- Aim of the task -
Your answer must hold only the lines below from the line containing "Drawstring Gym Backpack" through the line containing "Avaliação De Matematica", each reproduced exactly.

- Exercise material -

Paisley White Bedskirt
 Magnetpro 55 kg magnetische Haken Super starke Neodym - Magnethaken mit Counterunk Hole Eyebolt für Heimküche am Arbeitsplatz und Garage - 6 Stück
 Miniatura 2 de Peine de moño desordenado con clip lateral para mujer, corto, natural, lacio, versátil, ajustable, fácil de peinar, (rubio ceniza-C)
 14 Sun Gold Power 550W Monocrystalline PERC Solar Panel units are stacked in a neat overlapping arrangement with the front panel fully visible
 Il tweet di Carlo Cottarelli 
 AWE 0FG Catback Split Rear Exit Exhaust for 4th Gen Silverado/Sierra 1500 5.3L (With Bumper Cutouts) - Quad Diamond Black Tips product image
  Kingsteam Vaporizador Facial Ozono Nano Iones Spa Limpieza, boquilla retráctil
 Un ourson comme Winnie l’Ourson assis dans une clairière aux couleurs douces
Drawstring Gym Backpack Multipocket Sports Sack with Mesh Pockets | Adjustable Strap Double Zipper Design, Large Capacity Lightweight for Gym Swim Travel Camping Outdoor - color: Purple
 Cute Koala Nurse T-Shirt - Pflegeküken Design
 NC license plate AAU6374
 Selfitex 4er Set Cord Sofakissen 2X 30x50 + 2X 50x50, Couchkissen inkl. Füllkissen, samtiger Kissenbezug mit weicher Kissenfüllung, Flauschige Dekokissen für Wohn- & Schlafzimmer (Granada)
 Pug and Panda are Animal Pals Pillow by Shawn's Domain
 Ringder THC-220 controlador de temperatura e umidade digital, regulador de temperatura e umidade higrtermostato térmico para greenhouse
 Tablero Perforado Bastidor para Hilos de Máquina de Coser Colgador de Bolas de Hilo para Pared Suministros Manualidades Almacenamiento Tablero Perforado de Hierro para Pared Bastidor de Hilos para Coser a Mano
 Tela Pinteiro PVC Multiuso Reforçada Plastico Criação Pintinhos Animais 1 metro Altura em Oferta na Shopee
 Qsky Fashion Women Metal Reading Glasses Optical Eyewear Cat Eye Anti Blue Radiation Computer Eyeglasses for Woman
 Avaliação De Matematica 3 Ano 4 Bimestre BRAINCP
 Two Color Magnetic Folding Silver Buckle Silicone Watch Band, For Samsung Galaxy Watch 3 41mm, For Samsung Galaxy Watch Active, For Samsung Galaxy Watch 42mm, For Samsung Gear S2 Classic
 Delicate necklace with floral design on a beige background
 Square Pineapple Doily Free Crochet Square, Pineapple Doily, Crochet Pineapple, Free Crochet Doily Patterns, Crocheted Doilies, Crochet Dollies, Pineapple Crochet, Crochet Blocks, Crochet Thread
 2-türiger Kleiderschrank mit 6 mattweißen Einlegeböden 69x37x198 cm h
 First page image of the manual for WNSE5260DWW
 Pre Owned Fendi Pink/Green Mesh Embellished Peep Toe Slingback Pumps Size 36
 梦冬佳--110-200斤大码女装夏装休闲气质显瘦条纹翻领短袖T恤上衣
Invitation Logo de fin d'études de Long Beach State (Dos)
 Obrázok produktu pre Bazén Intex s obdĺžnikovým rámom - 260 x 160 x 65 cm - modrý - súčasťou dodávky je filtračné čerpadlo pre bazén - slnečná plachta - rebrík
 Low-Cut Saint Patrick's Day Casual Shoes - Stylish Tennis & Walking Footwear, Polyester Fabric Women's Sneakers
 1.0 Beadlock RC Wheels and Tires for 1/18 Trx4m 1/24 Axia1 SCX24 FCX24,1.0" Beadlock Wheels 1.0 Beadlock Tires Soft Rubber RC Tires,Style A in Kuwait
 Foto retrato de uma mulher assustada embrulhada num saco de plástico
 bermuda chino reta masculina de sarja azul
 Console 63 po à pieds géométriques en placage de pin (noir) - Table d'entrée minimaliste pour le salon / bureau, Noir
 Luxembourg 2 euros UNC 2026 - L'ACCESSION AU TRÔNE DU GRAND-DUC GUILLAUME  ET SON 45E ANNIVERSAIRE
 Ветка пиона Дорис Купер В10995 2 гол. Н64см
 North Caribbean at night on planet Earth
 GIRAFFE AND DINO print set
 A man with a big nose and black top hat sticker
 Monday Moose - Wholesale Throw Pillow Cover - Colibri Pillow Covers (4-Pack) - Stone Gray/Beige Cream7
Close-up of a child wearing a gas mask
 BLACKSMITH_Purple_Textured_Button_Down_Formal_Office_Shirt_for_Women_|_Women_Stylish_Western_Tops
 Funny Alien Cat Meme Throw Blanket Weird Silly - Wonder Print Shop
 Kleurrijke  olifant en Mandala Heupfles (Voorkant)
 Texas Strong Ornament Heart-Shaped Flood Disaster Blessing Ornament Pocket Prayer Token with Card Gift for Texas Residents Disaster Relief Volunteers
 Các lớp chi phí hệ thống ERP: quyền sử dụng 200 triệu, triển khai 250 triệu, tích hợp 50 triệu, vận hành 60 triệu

- Worked solution -
Drawstring Gym Backpack Multipocket Sports Sack with Mesh Pockets | Adjustable Strap Double Zipper Design, Large Capacity Lightweight for Gym Swim Travel Camping Outdoor - color: Purple
 Cute Koala Nurse T-Shirt - Pflegeküken Design
 NC license plate AAU6374
 Selfitex 4er Set Cord Sofakissen 2X 30x50 + 2X 50x50, Couchkissen inkl. Füllkissen, samtiger Kissenbezug mit weicher Kissenfüllung, Flauschige Dekokissen für Wohn- & Schlafzimmer (Granada)
 Pug and Panda are Animal Pals Pillow by Shawn's Domain
 Ringder THC-220 controlador de temperatura e umidade digital, regulador de temperatura e umidade higrtermostato térmico para greenhouse
 Tablero Perforado Bastidor para Hilos de Máquina de Coser Colgador de Bolas de Hilo para Pared Suministros Manualidades Almacenamiento Tablero Perforado de Hierro para Pared Bastidor de Hilos para Coser a Mano
 Tela Pinteiro PVC Multiuso Reforçada Plastico Criação Pintinhos Animais 1 metro Altura em Oferta na Shopee
 Qsky Fashion Women Metal Reading Glasses Optical Eyewear Cat Eye Anti Blue Radiation Computer Eyeglasses for Woman
 Avaliação De Matematica 3 Ano 4 Bimestre BRAINCP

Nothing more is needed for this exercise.